Ms. PacMan seems to finally be working – not in terms of learning (that I know of) – but rather in terms of not crashing. While looking at the code though, I noticed that I may have an issue with the toGhost action. By itself, it seems counter-intuitive, that is unless the ghost is edible, in which case it’s desirable.
However, due to the strict way the pre-goal state is created, it is likely to never be used. This is because while an optimal (or even a lucky agent’s) pre-goal may contain an edible ghost, it also may not. In fact, the agent could conceivably reach the goal without using toGhost at all, resulting in its pre-goal not including edible ghosts. While I say toGhost isn’t used, because the agent essentially chooses every policy at once, it is used, just not towards any consequence.
There are a couple of ways to fix this: Modify the action requirements for toGhost such that they must include edible. However, this violates the terms of the action because its technically not legal. This problem is the old ‘how much can I help?’ problem that I’ve come across.

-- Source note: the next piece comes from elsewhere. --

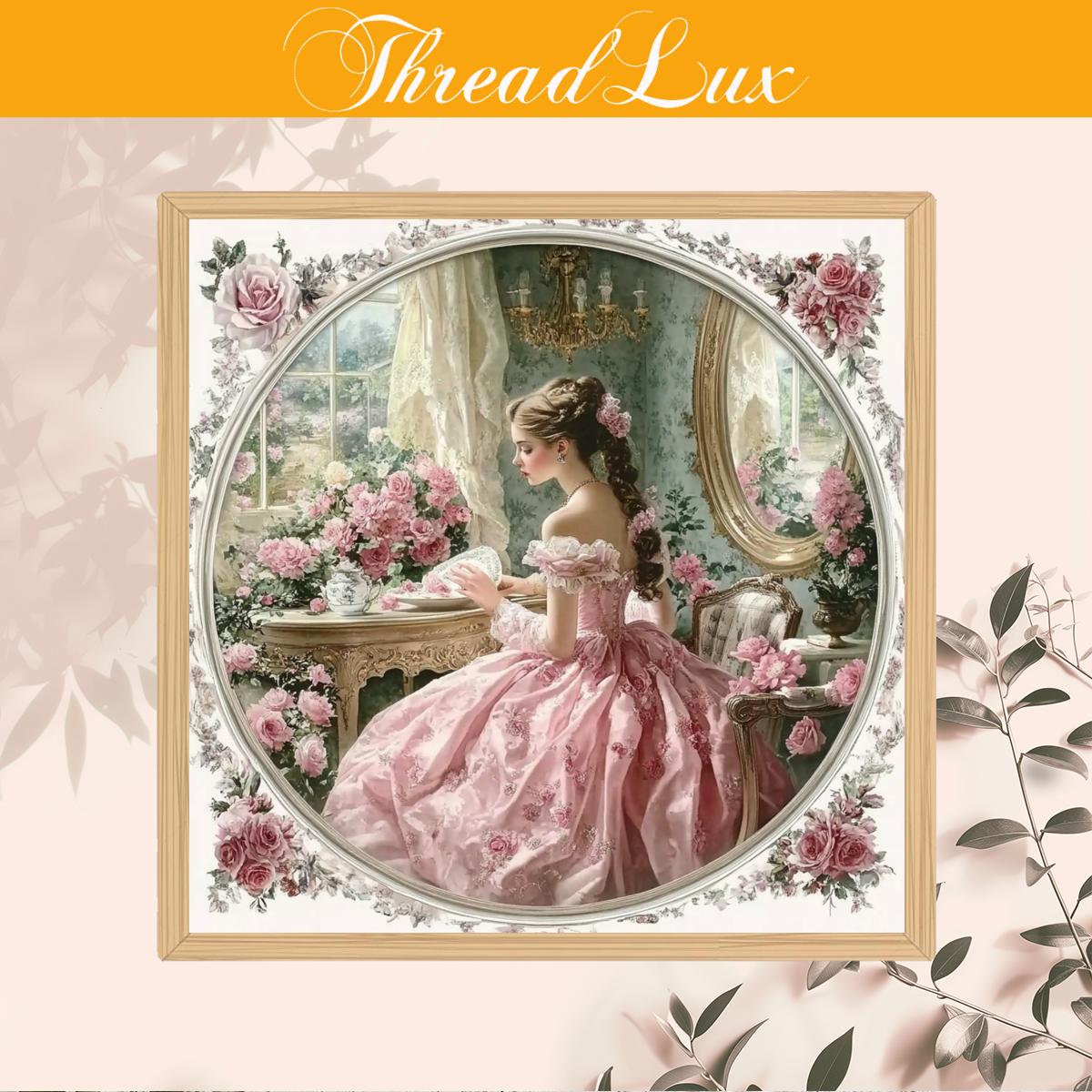 1 set 40x40cm-15.7x15.7-inch 1 - Embroidery Vs Cross Stitch recensie en prijs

Another is to only generate pre-goals for actions EXAMINED in the final step. So while the agent returns a full list of all actions, only form a pre-goal using the top few ones that actually mattered.

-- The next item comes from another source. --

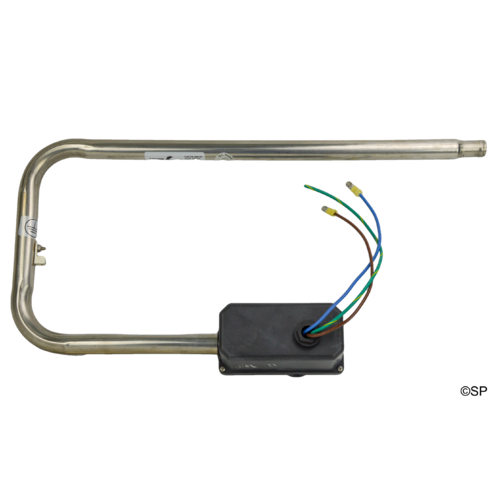 Universal 1" low flow  spa heater replacement - 2.7kw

The above should be implemented anyway, but it still may not help.The toGhost action will never progress (unless through a miraculous coincidence) beyond its LGG form unless the optimal policy can create a pregoal for it. This leads me to believe that perhaps the optimal policy framework should be tweaked to ensure a pre-goal is present for every possible goal-fulfillling action. For example, something like providing a state description of the pre-goal. But then we fall back into the problem of basically designing the agent.

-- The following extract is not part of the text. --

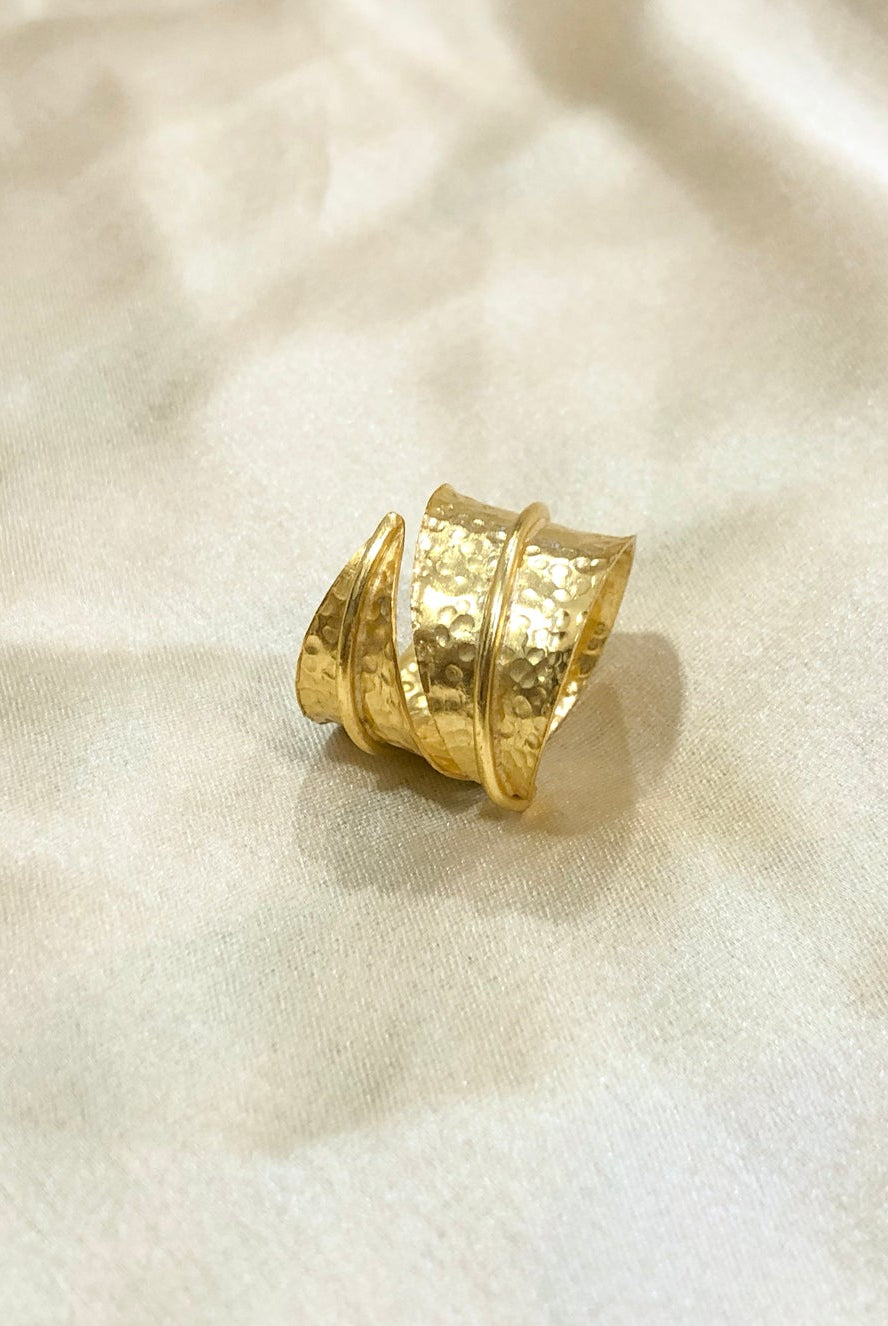 Noori Ring in Gold(Set of 2) - CiceroniEquiivalence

Perhaps for Ms. PacMan the agent gets several optimal traces which should hopefully help it out. This will require explicit state spec notes on which actions can achieve the goal. This form of learning is more of a ‘follow the teacher’ method, which should be acceptable as a form of learning.
Anyway, I haven’t really remarked on the ‘S’ title.
S (Statistical) was the original aim of this research, and may be required for proper learning. As with the edible case, the edible predicate may not always be present. this could be problematic and so instead of a hard unification step, I could soften it and include probabilistic values for predicates. Each predicate could start optimistically (100% seen) and gradually lower its probability with each unseen pre-goal unification. Any predicates dropping below say, 50% would be removed fully.
However, in the opposite case, where the predicate is at first not present, and later frequently seen, it’ll need to be increased to ~100%. Perhaps start all predicates at 50% and go either way.